YOUR TASK:
Somewhere below, one line contains "Two transparent water" and a later line contains "Conjunto de 8". Output those two lines and everything between them exactly, and nothing else.

*** Opening of RECORDS FOR THE TASK ***

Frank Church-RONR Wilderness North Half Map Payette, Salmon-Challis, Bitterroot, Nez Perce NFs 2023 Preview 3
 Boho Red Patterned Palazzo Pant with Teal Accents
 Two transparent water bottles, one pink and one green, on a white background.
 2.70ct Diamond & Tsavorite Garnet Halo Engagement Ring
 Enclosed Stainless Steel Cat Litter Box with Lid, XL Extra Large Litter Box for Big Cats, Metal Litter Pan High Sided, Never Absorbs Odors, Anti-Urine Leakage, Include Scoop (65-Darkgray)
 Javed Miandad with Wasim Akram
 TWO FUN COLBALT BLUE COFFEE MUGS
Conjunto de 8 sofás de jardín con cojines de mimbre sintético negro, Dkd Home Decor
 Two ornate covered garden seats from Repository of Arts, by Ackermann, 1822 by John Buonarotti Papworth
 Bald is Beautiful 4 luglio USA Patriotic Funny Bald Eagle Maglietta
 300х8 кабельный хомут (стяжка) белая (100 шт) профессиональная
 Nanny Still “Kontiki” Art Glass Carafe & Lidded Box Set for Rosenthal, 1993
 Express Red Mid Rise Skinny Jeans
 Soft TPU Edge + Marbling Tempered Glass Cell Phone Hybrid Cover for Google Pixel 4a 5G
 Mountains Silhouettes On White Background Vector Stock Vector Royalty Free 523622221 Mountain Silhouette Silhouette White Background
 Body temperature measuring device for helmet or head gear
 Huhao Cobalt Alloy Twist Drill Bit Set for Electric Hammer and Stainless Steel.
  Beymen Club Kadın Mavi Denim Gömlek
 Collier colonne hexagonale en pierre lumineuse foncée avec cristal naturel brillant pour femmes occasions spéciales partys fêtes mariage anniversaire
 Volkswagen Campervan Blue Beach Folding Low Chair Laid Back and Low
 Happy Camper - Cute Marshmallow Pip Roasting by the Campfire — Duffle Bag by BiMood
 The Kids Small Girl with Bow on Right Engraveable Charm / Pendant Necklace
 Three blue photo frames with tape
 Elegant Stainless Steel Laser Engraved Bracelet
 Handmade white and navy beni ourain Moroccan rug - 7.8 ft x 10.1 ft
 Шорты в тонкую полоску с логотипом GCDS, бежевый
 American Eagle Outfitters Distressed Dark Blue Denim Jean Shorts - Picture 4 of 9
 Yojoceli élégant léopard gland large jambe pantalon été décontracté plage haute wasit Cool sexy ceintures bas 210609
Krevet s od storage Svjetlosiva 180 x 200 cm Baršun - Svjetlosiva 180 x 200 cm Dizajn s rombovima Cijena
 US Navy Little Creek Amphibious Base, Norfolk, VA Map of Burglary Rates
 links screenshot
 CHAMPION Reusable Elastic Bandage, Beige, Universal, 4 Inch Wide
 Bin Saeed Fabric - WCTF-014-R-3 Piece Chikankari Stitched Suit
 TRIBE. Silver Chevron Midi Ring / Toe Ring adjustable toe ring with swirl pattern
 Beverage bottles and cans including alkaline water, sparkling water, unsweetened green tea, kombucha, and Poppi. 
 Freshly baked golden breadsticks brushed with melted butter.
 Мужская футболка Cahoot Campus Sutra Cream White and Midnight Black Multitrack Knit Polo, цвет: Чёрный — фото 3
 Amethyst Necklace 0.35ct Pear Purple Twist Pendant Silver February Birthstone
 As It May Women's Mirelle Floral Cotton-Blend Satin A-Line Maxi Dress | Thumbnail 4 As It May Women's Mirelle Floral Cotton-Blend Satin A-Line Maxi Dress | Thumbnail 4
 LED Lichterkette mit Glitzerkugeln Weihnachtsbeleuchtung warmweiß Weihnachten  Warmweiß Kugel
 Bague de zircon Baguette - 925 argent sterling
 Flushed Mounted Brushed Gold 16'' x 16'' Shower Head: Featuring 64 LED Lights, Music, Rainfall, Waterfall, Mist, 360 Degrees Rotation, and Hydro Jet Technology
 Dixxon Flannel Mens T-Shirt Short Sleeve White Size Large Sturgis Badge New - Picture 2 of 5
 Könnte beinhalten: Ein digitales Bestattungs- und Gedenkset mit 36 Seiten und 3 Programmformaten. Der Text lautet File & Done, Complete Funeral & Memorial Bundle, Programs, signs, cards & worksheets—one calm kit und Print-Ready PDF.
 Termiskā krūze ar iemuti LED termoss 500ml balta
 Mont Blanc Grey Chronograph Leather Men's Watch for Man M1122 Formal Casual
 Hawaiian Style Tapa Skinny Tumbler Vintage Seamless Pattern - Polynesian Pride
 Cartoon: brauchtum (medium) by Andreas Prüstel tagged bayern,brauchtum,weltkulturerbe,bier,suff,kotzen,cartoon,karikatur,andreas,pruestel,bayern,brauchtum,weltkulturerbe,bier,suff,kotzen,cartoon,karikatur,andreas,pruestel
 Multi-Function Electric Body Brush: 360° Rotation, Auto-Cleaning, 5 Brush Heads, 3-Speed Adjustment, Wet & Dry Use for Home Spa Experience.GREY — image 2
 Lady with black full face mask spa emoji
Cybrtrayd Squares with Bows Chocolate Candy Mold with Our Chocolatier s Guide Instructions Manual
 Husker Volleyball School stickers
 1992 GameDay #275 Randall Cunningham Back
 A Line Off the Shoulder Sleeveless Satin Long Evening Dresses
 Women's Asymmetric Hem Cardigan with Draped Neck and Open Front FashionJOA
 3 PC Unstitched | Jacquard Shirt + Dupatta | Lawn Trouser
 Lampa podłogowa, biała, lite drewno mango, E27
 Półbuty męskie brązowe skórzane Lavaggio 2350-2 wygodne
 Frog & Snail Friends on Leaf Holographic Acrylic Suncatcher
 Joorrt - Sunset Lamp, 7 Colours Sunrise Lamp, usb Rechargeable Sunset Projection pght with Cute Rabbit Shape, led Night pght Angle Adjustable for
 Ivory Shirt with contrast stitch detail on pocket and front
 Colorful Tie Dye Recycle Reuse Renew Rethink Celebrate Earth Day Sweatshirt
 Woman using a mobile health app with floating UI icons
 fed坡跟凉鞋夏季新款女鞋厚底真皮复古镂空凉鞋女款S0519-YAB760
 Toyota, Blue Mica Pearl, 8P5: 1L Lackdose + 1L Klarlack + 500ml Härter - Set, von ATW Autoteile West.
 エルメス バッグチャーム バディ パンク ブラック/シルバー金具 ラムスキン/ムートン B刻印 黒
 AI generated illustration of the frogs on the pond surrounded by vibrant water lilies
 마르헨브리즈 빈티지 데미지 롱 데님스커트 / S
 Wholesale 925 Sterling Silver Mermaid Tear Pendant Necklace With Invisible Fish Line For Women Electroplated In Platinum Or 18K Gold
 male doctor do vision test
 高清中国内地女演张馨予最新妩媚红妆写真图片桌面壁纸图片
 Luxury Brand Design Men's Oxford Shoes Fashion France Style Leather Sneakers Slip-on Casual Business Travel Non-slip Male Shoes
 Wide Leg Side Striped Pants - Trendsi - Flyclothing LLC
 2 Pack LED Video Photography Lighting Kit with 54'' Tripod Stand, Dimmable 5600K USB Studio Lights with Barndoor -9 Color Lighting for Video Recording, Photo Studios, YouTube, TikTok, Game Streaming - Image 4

*** Close of RECORDS FOR THE TASK ***

WRITTEN RESPONSE:
 Two transparent water bottles, one pink and one green, on a white background.
 2.70ct Diamond & Tsavorite Garnet Halo Engagement Ring
 Enclosed Stainless Steel Cat Litter Box with Lid, XL Extra Large Litter Box for Big Cats, Metal Litter Pan High Sided, Never Absorbs Odors, Anti-Urine Leakage, Include Scoop (65-Darkgray)
 Javed Miandad with Wasim Akram
 TWO FUN COLBALT BLUE COFFEE MUGS
Conjunto de 8 sofás de jardín con cojines de mimbre sintético negro, Dkd Home Decor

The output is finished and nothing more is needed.